§ Exercise directions: Please retype exactly the lines from the one containing "Skoda Kamiq 1.0" through the end of the records, leaving out the pictures.

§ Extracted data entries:
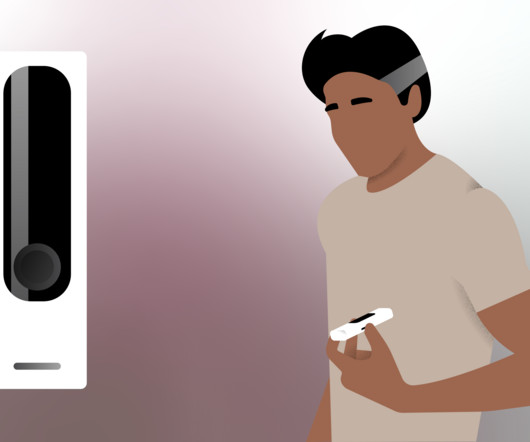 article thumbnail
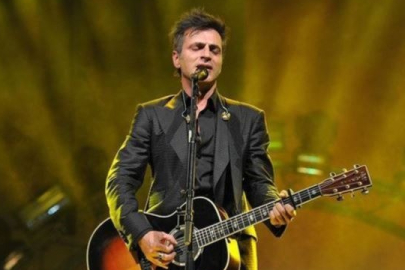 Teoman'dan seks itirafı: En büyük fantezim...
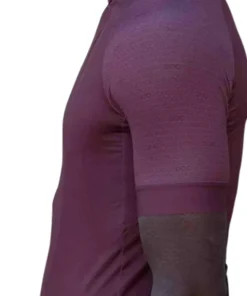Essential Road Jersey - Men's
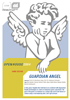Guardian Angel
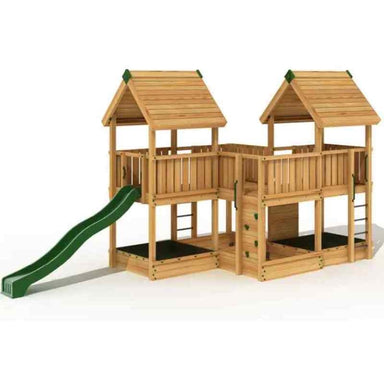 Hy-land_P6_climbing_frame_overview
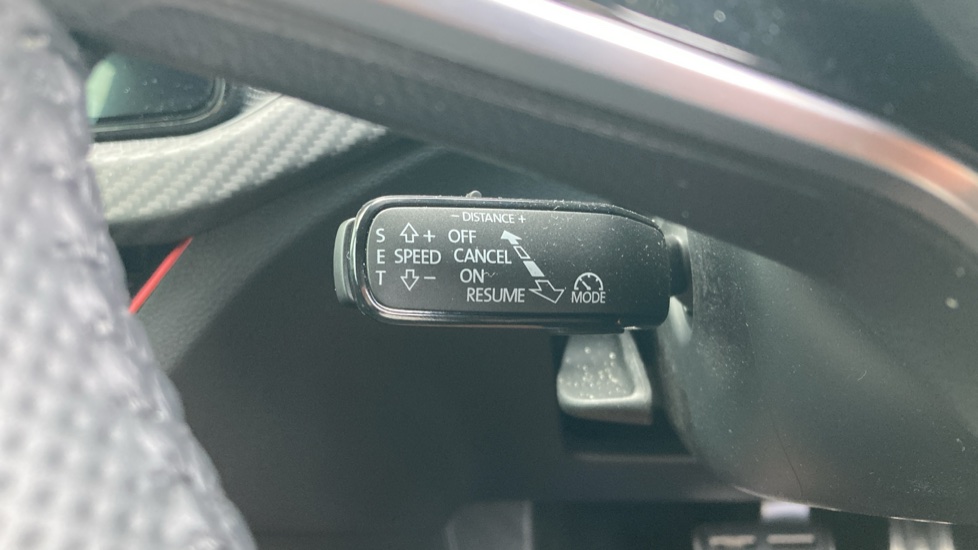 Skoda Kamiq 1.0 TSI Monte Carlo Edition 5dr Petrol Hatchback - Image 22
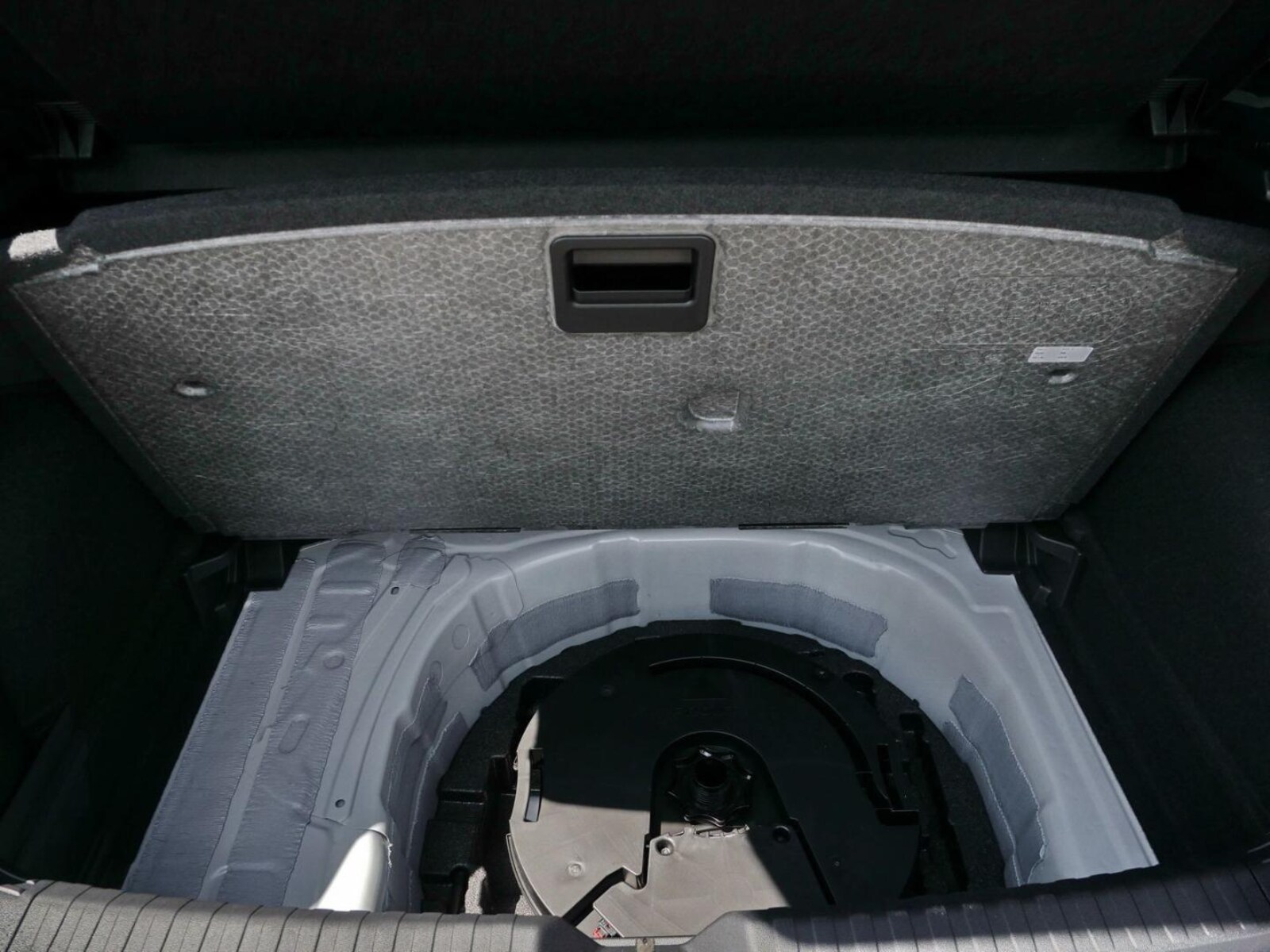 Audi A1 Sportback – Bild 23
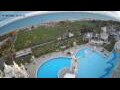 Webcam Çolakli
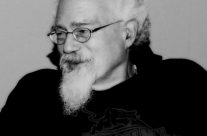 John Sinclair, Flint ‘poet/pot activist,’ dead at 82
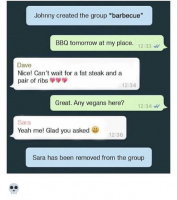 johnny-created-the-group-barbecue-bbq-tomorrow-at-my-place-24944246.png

§ Answer for the task:
 Skoda Kamiq 1.0 TSI Monte Carlo Edition 5dr Petrol Hatchback - Image 22
 Audi A1 Sportback – Bild 23
 Webcam Çolakli
 John Sinclair, Flint ‘poet/pot activist,’ dead at 82
 johnny-created-the-group-barbecue-bbq-tomorrow-at-my-place-24944246.png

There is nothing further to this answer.